Later, in Deryck’s car, Steven is offered a small act of empathy:
“And I appreciated also the way Deryck would turn around from time to time to check on me […] he reached into his glove compartment and pulled out a mix tape of songs by Stevie Nicks, a mix tape that he said he’d made for me a long time ago but had forgotten to give me, and then put it into the cassette deck, the song “Sleeping Angel” […] I realize now that this was an act of kindness, an act of empathy, and I think I must have realized it then too, because I didn’t say anything at first. In fact, I waited for almost the entire song to finish before I finally asked him to please turn it down, and then to turn it off, before I told him that I didn’t listen to that type of music anymore.”
He recognizes Deryck’s gesture as empathetic. He sees it and allows himself to feel it, but only briefly. He is not ready to receive that tenderness, so he retreats almost immediately into the stonier version of himself. It is safer there, especially for a child. The defenses that protect a child, however, can become something very different when carried unquestioned into adulthood.

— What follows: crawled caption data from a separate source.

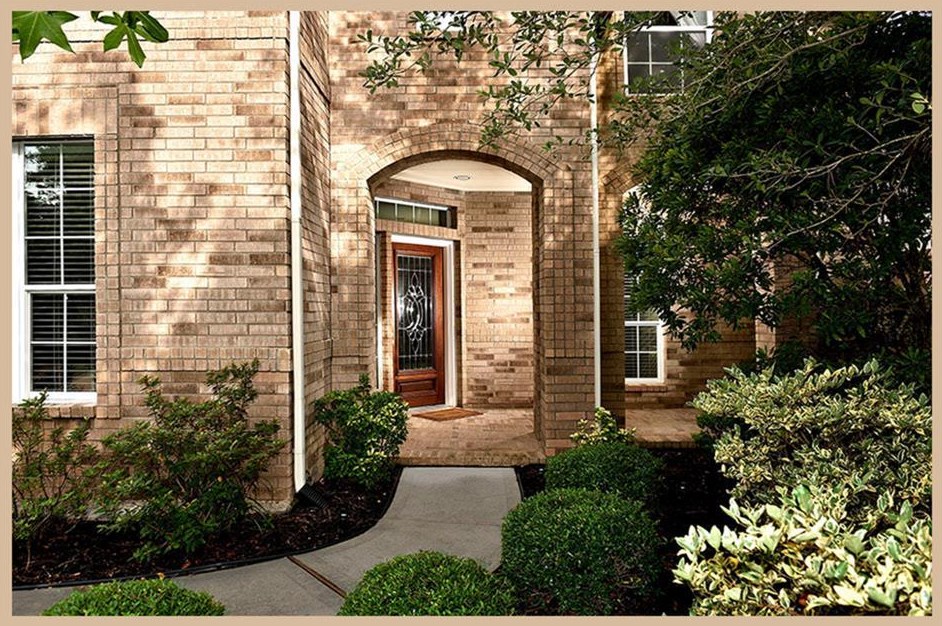 111 E French Oaks Cir, Spring, TX 77382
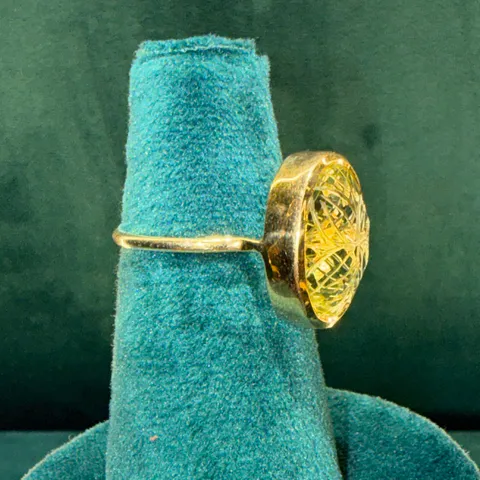 Golden Oval Bezel Ring — Silver 92.5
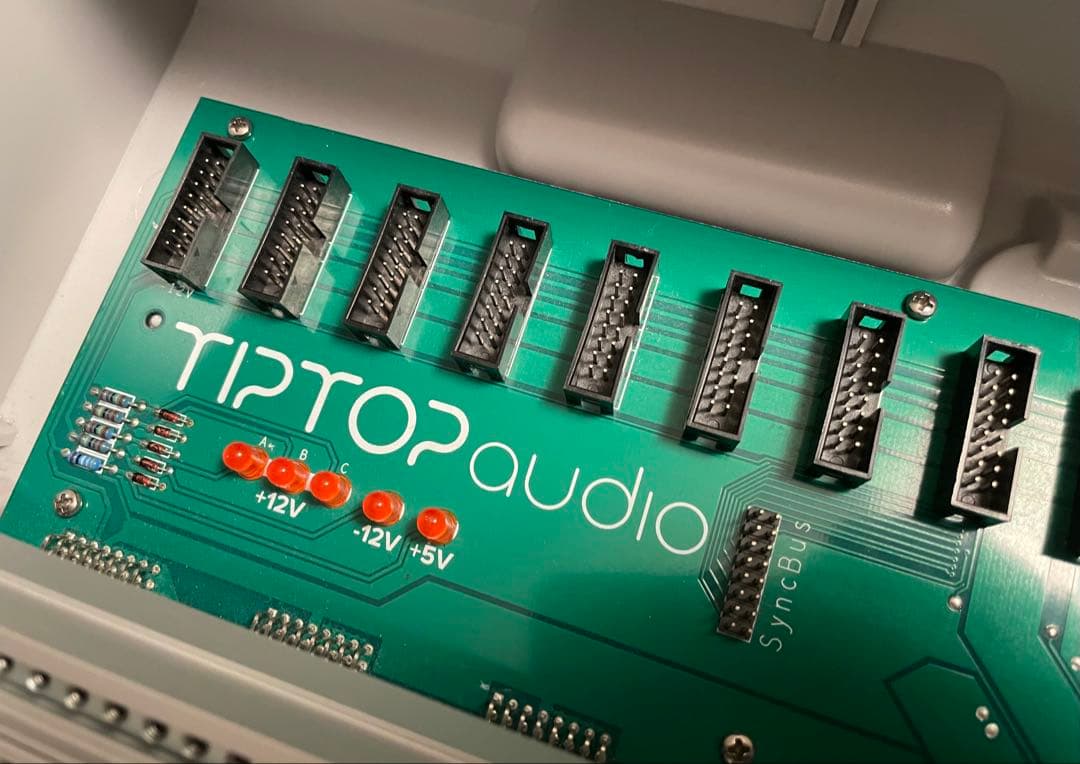 Tip Top Audio Mantis モジュラーシンセ　ケース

Generational trauma is one of those psychological phrases that has become so common online that it risks losing its significance. We use it in social media declarations that the cycle ends with us. But the thing the phrase describes is real: pain can travel through a family long after the original event has ended. Many people in my generation have learned to speak about family wounds in a language our parents and grandparents may not have possessed. We name patterns. We identify cycles. We talk about boundaries, attachment, addiction, and trauma. But naming a pattern is not the same as ending it. You cannot erase the pain of the past, but you can change how it affects your future. The wound may have reached you through someone else, but how do you keep it from bleeding into the people standing in front of you? A person may be innocent of the wound and still responsible for what the wound becomes in their hands.

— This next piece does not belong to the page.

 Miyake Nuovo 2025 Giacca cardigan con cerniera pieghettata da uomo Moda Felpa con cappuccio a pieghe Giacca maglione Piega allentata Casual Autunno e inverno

The wound may have reached you through someone else, but how do you keep it from bleeding into the people standing in front of you? A person may be innocent of the wound and still responsible for what the wound becomes in their hands.

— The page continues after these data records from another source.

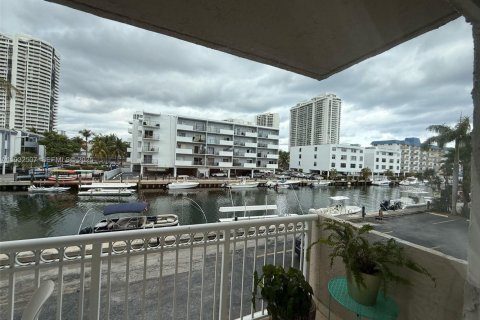 Condo in North Miami Beach, Florida, 1 bedroom  № 1990895 - photo 8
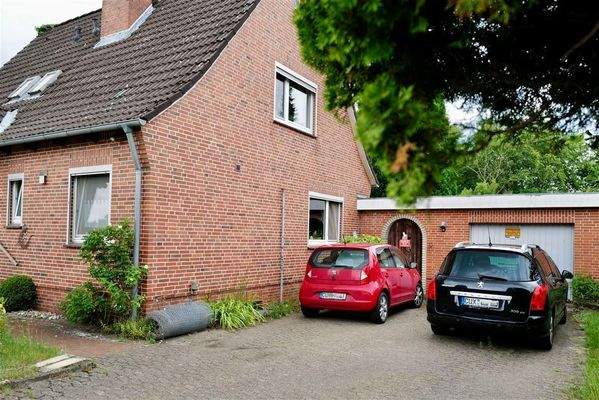 Garage und Stellplätze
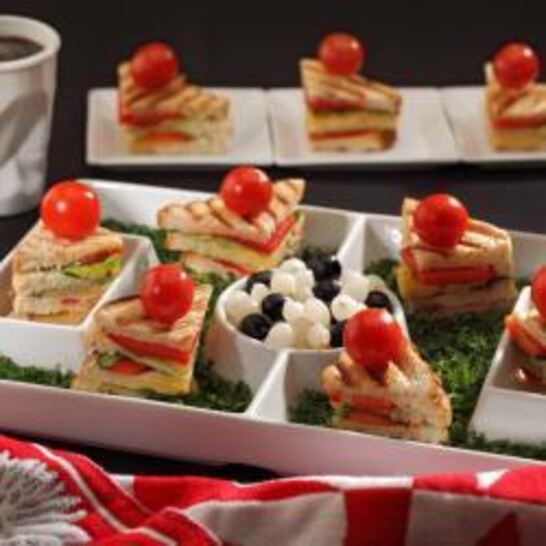 Рецепт канапе с сыром и помидорами черри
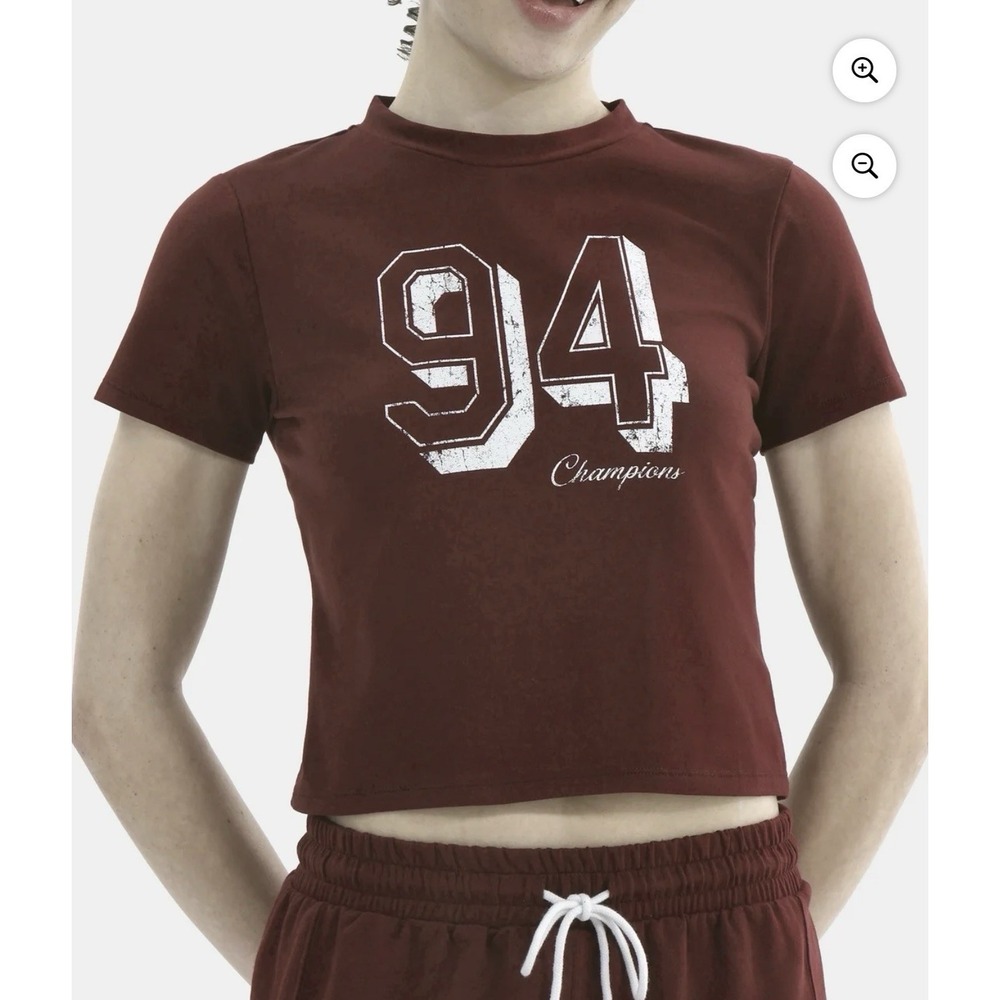 No‎ Boundaries Women's Graphic Baby Tee Size Medium Maroon "94" Crop Top NWT
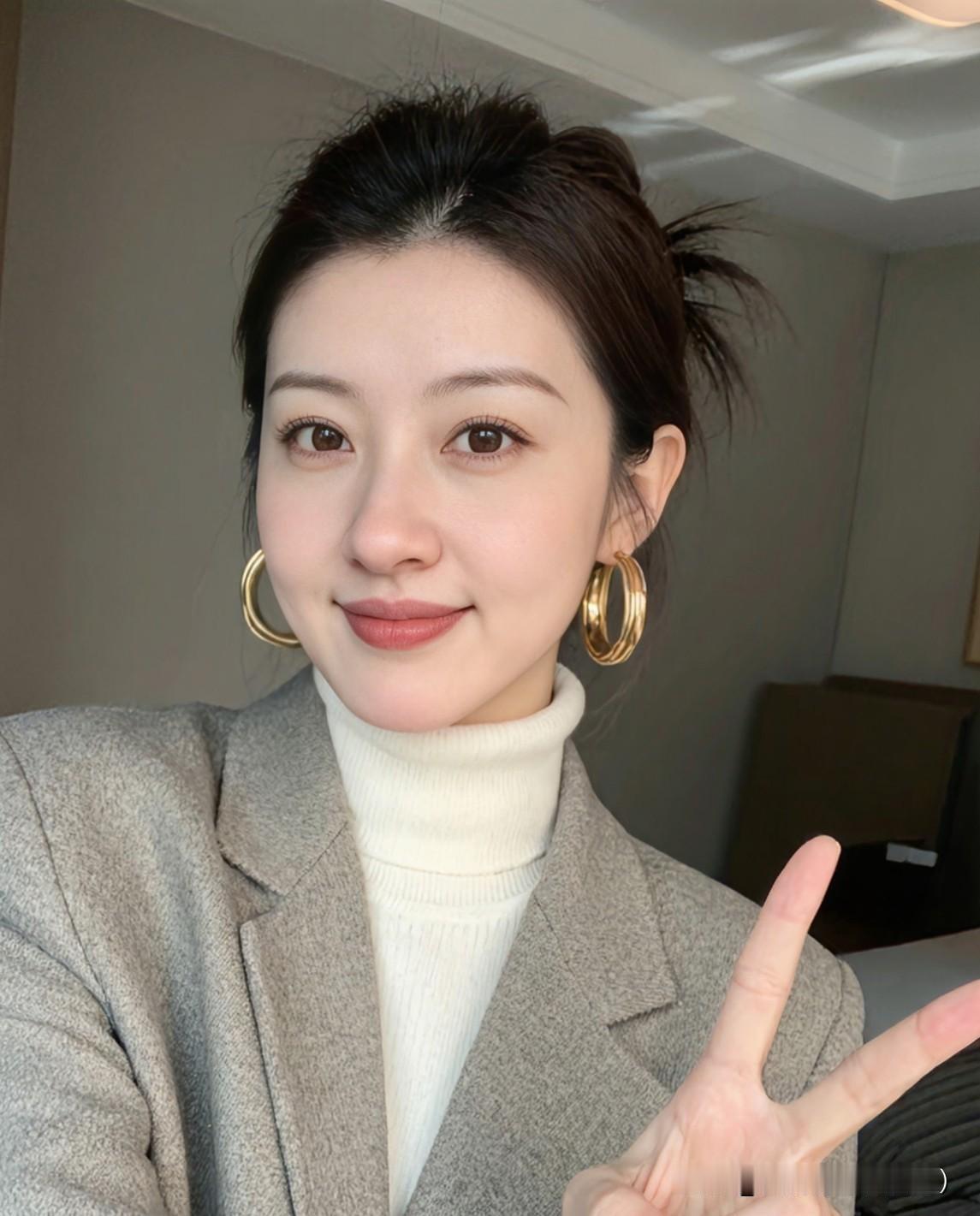 人生不必追求完美，
小满即是圆满。
内心安定的人，
懂得接纳自己的不完美，
允许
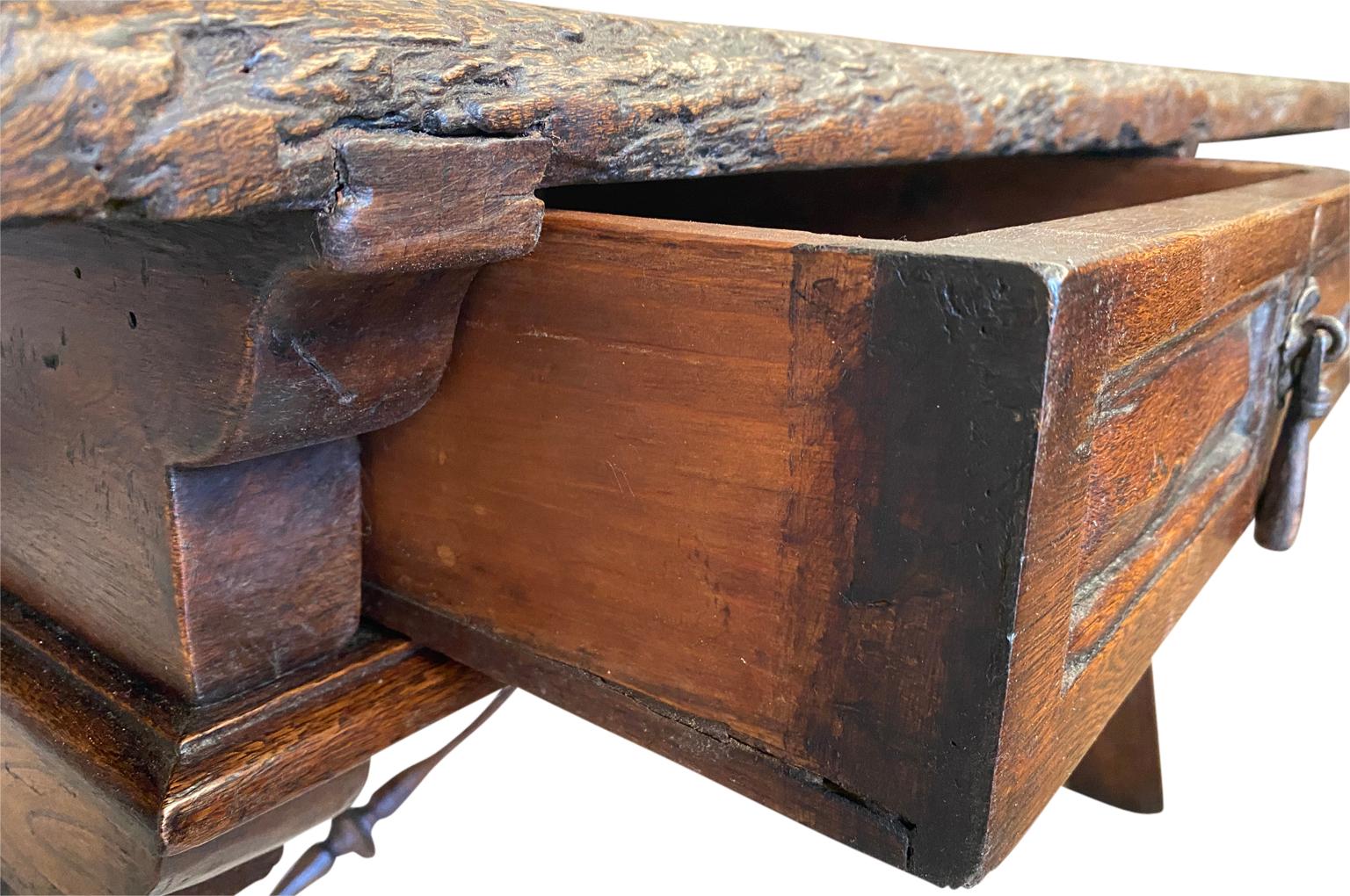 17th Century Spanish Writing Table - Desk For Sale 6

HC Leary, A Place to Leave Things
Deryck made the tape for Steven long before Steven knew what to do with it. Perhaps that is true of many of the things that eventually save us. Someone offers tenderness when we are still too angry, too frightened, or too young to receive it. We turn down the volume. We insist that we no longer listen to that kind of music. But the song has already entered the story. Years later, we hear it again, and this time we recognize the person we were, the person we became, and the person we might still choose to be.
Back to those assholes.
Uranus wounded Cronus. Cronus wounded Zeus. Zeus carried the fear forward and called it self-preservation. The lineage explains each man, but it absolves none of them. Perhaps the cycle ends not when we stop carrying the wound, but when we finally refuse to place it into someone else’s hands.